=== What is needed ===
Transcribe the listing exactly, skipping every picture.

=== Recorded information ===
-- Opening Marker --
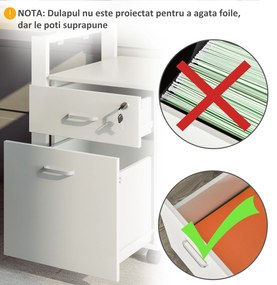 Vinsetto Fiset Compact din PAL cu 2 Sertare și 5 Roti, Dulap de Birou cu Încuietoare, Design Modern, Culoare Lemn | Aosom Romania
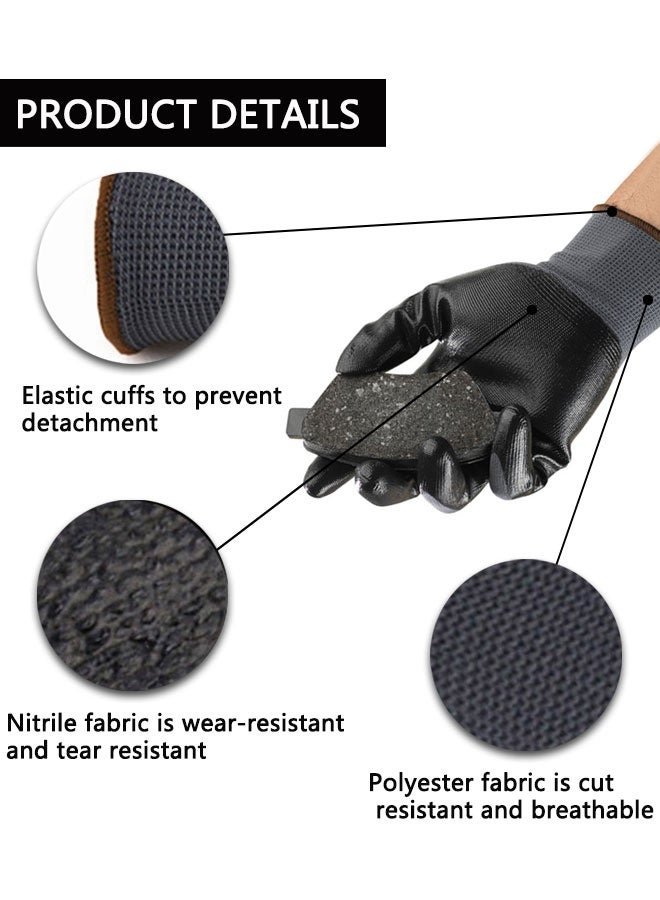 Safety Work Gloves 3 pairs, 48-128 MicroFoam Nitrile Coated, Seamless Knit Polyester, Working Gloves with Grip For General Purpose, Construction, Yardwork, Large - Image 3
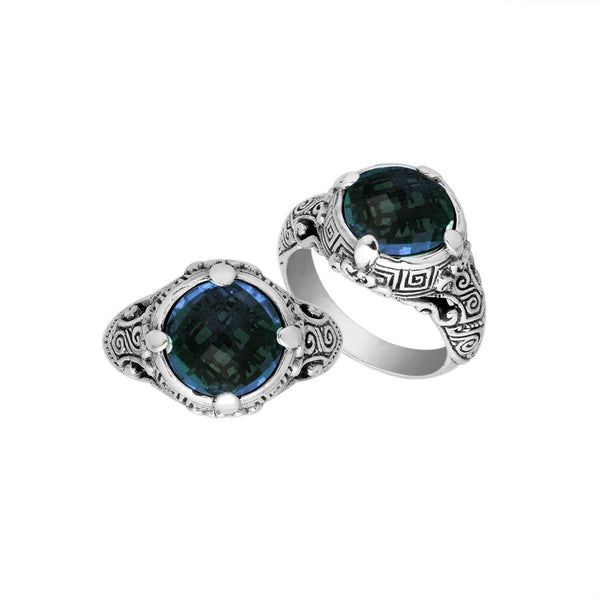 AR-6232-LBT-10" Sterling Silver Ring With London Blue Topaz Q. Jewelry Bali Designs Inc 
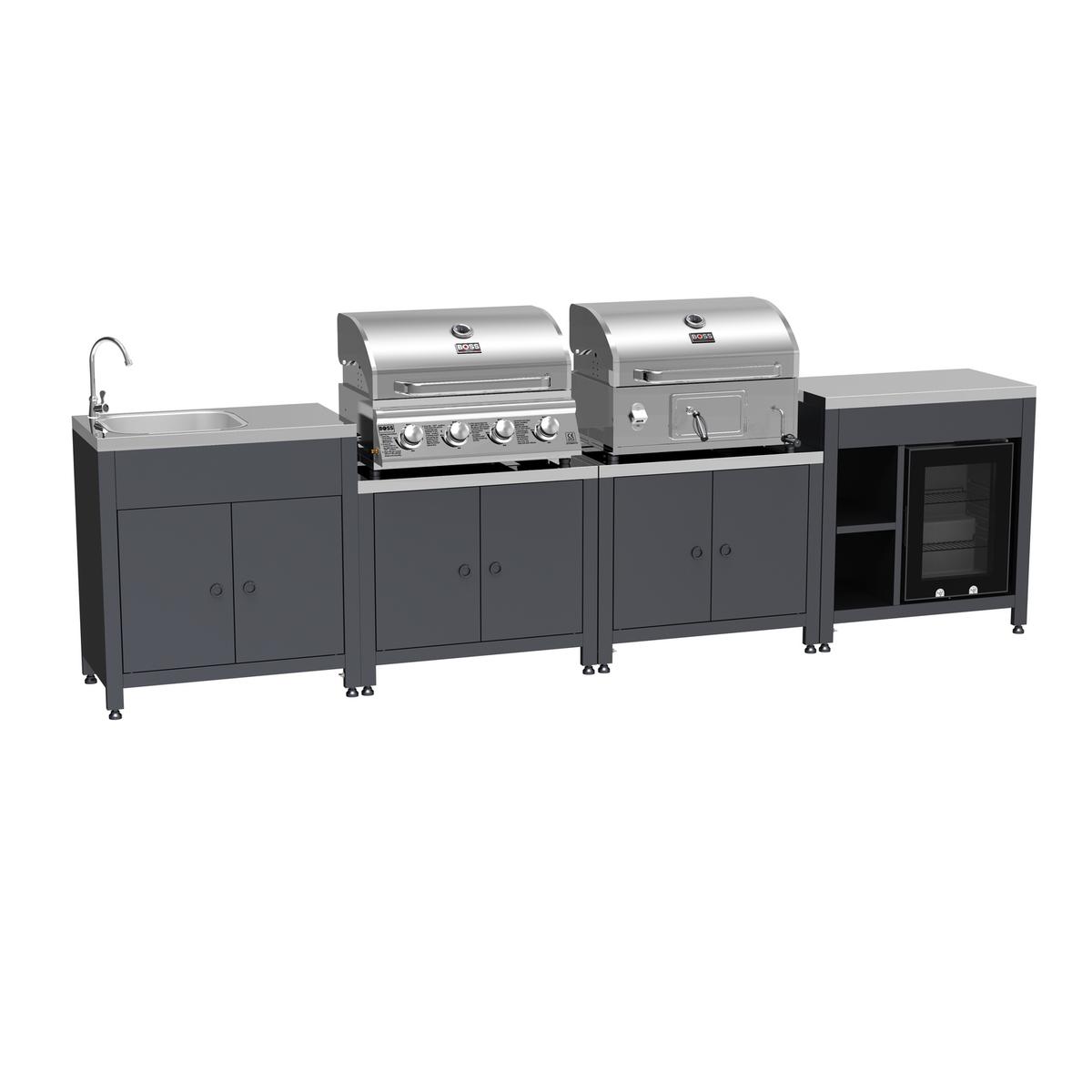Boss Grill All Star Pro Modular Dual Fuel Outdoor Kitchen - Built-In Gas & Charcoal BBQ with Fridge - Black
-- Closing Marker --
=== Task response ===
 Vinsetto Fiset Compact din PAL cu 2 Sertare și 5 Roti, Dulap de Birou cu Încuietoare, Design Modern, Culoare Lemn | Aosom Romania
 Safety Work Gloves 3 pairs, 48-128 MicroFoam Nitrile Coated, Seamless Knit Polyester, Working Gloves with Grip For General Purpose, Construction, Yardwork, Large - Image 3
 AR-6232-LBT-10" Sterling Silver Ring With London Blue Topaz Q. Jewelry Bali Designs Inc 
Boss Grill All Star Pro Modular Dual Fuel Outdoor Kitchen - Built-In Gas & Charcoal BBQ with Fridge - Black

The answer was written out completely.